From: Stephen Lauf
To: design-l@lists.psu.edu
Subject: Re: lack of life
Date: 2002.01.19 11:46

Sometime in the mid 1970s I heard that the first friend of my life went missing, and then a month or so later her body was found in some South Carolina woods near where she and her family had moved to. Janet married quite young (I heard), and also divorced quite young. Her ex-husband was high on the suspect list.

While spending the summer of 1981 in Washington DC, I learned that Jim Williams shot Danny H. and that Jim was accused of murder. Here I knew (or at least met a few times) both the killed and the killer. You too might know the story by having either read or seen Midnight in the Garden of Good and Evil. In the years after jail in the early 1980s, Jim and I shared the same best friend, and thus I then had a closer than usual but still literally distant friendship with Jim. With all the stuff that I (and very few others) know, why aren't I busy trying to write the next record breaking best-seller? I even have copies of letters that Jim wrote while he was in jail, but somehow "laws of silence" unwittingly prevail. [One of Jim's favorite phrases was "You don't know a thing." As far as I know, I'm the only person to have said "You don't know a thing" to Jim in the same way he used to say it to others. Another thing that is not generally known is that one of Jim's strongest motivations was to continually "Piss off the right people."]

And then in (I think) 1986 Isma'il Raji al-Faruqi and his wife Lois Lamya al-Faruqi were brutally murdered in their Philadelphia suburban home. I was good friends with their architect-student niece, and even dated one of their daughters a couple of times (I know we at least saw Saturday Night Fever together). Faruqi was the last Palestinian governor of Galilee, and then head of the Religion Department at Temple University. I only learned of Faruqi's past political position after his death; I certainly didn't know it the night he drove me home after a late night charette.
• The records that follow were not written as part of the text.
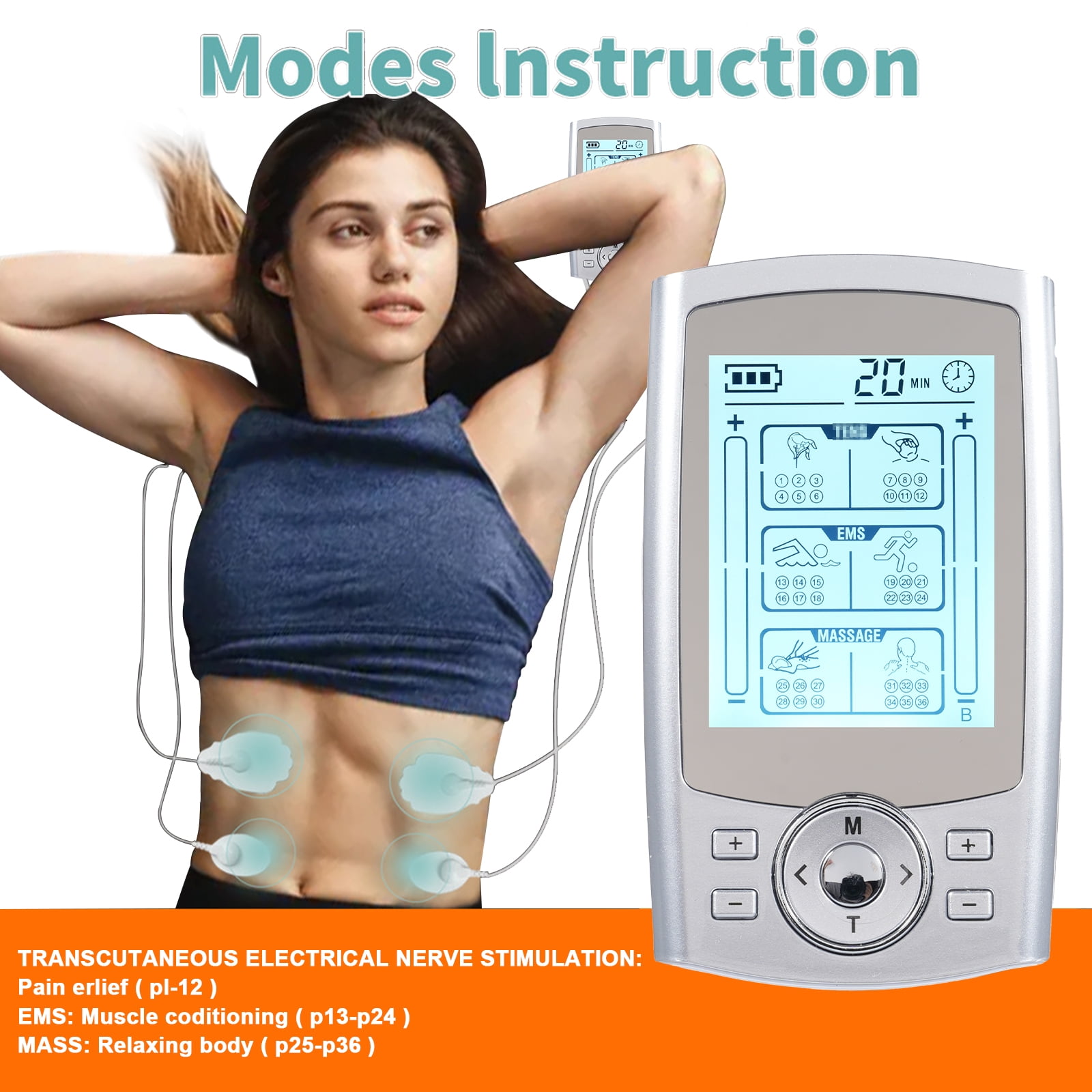 Nursing instrument,Channels With Muscle 36 Channels Muscle 20 36 Adjustable Muscle 20 Muscle 36 Modes 20 2 Channels Modes And 20 Muscle Channels Muscle Recovery And And 20 2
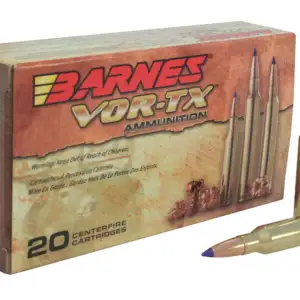 Barnes VOR-TX Ammunition 7mm-08 Remington 120 Grain TTSX Polymer Tipped Spitzer Boat Tail Lead-Free Box of 20 picture
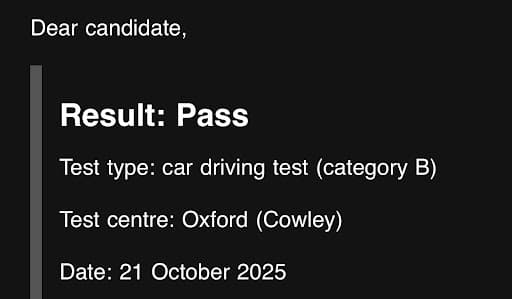 Drive Professional driving school Oxford — Customer photo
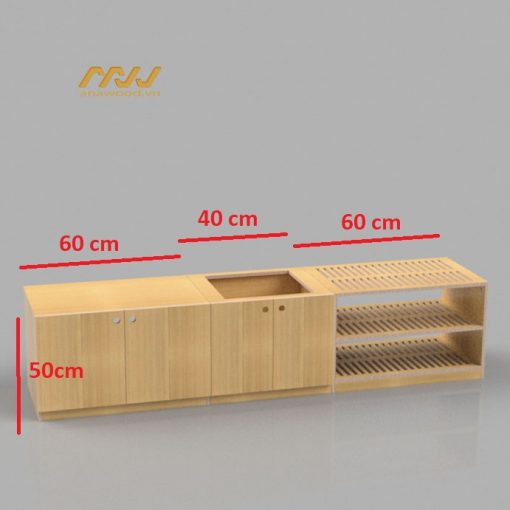Tủ rửa tay dài ES003 - Ảnh 5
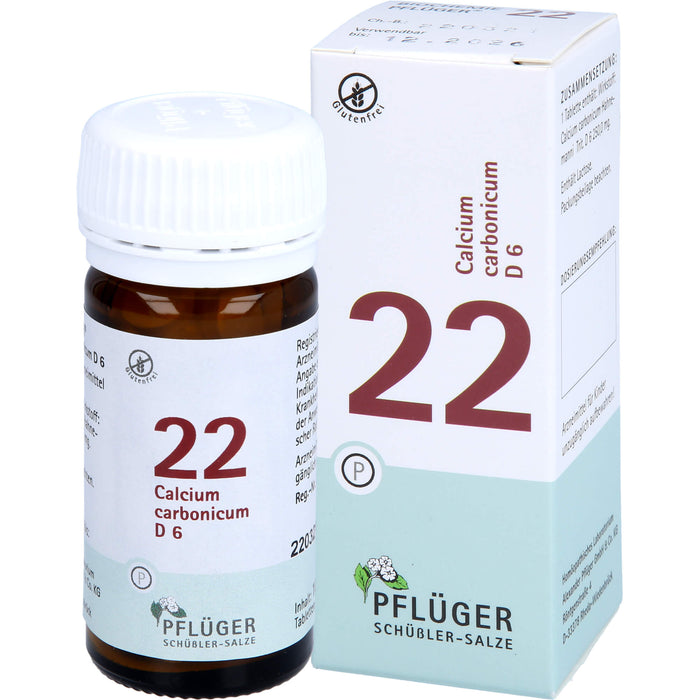 Pflüger Biochemie Nr.22 Calcium carbonicum D6 Tabletten, 100 pcs. Tablets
["And we become these human jukeboxes, spilling out these anecdotes!" -- Six Degrees of Separation]

Meanwhile (kind of) Theodosius is still lying in state at Milan, and "he's" going to be there for 38 more days. I have no idea why the laying is state is to take so long except that the total forty days may be some kind of reenactment of the forty days Christ spent in the desert, which is today reenacted annually via Lent. Perhaps this was somehow Ambrose's design, because it is interesting that after forty days, Ambrose should then deliver an obituary within which is the story of how the True Cross was found. [Get it? First Lent and then the Crucifixion.]

So, now that you have a fairly good idea of who Ambrose and Theodosius are, it is time to learn more of Honorius (the younger son of Theodosius who is now Emperor of the West) and his wife Maria. Honorius was the last ancient ruler to [re]build the walls of Rome (because of the "Gothic Wars" -- Christian "Goths" that is) and he also built an imperial mausoleum attached to the original Basilica of St. Peter's. Sometime in the 1500s the sarcophagus of Maria was discovered (very likely while the old basilica was being demolished to make way for the new/present one). The sarcophagus of Maria may well be the last substantial imperial artifact of (the city of) Rome, and after an illustrious title page and a frontispiece, it is an image of the sarcophagus of Maria that Piranesi uses to begin his Campo Marzio publication. In a most elegantly covert way, Piranesi began the 'history' of the Campo Marzio with what is really it's ending, and what is probably the world's greatest designed architectural inversionary double theater goes on from there.